Ad Agnese viene amputata una gamba e perde tutto ciò su cui aveva investito. Briganti spiega che per portare sullo schermo lo smarrimento di chi non ha più punti di riferimento ha dovuto fare i conti con i suoi traumi personali. “È stato doloroso, ma anche liberatorio. Freud ci insegna che i traumi dell’infanzia agiscono sempre, anche se sotto traccia, influenzando chi siamo. Aprire vecchie ferite mi ha permesso di dare autenticità al personaggio, trasformando il dolore in forza creativa”.

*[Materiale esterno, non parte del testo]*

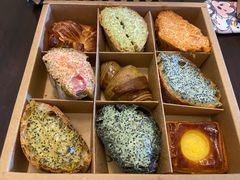 -Let's Taipei 非常烘焙(太古里店)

Holy Shoes, al cinema dal 4 luglio con Academy Two, esplora il tema degli oggetti e, in particolare l’acquisto compulsivo di scarpe che secondo la psicologia risponderebbe alla necessità di colmare un vuoto esistenziale. “Durante le riprese, ho iniziato a cambiare la mia percezione sulle cose che fanno parte della nostra vita e il loro ruolo nei cambiamenti della società. Se parliamo di scarpe, ho capito quanto la scarpa con il tacco abbia contribuito alla rivoluzione sessuale della donna. Gli oggetti acquisiscono un’anima quando noi gli conferiamo significato. Questo film mi ha fatto riflettere sul potere disfunzionale degli oggetti che spesso ci offrono una gratificazione emotiva immediata ma di breve durata. È facile essere intrappolati nel desiderio di possedere, dimenticando ciò che è veramente importante”.
Gli oggetti entrano in gioco nel linguaggio non verbale. Dalle scarpe indossate da una persona si possono dedurre aspetti, non solo del suo status, ma soprattutto tendenze emotive. “Ho iniziato a vedere l’abbigliamento e le scarpe non solo come beni materiali, ma come estensioni della nostra identità. Ho riconosciuto che ogni oggetto può avere un significato profondo, ma è essenziale non farsi consumare dal desiderio di avere tutto quello che vediamo. La consapevolezza di quanto possiamo diventare schiavi degli oggetti è stata una lezione preziosa”.
Un messaggio di liberazione da una schiavitù di cui siamo un po’ inconsapevoli spinti da una società dive non esisti se non possiedi. “Agnese, dopo aver toccato il fondo, rinasce. Questo ci insegna che possiamo trovare la felicità solo se troviamo il coraggio di svincolarci dai fardelli inutili che ci trasciniamo per tutta la vita. Il film è un invito a riscoprire i veri valori della vita e a non lasciarci condizionare dai modelli sbagliati di chi muove le fila invisibili delle nostre vite”.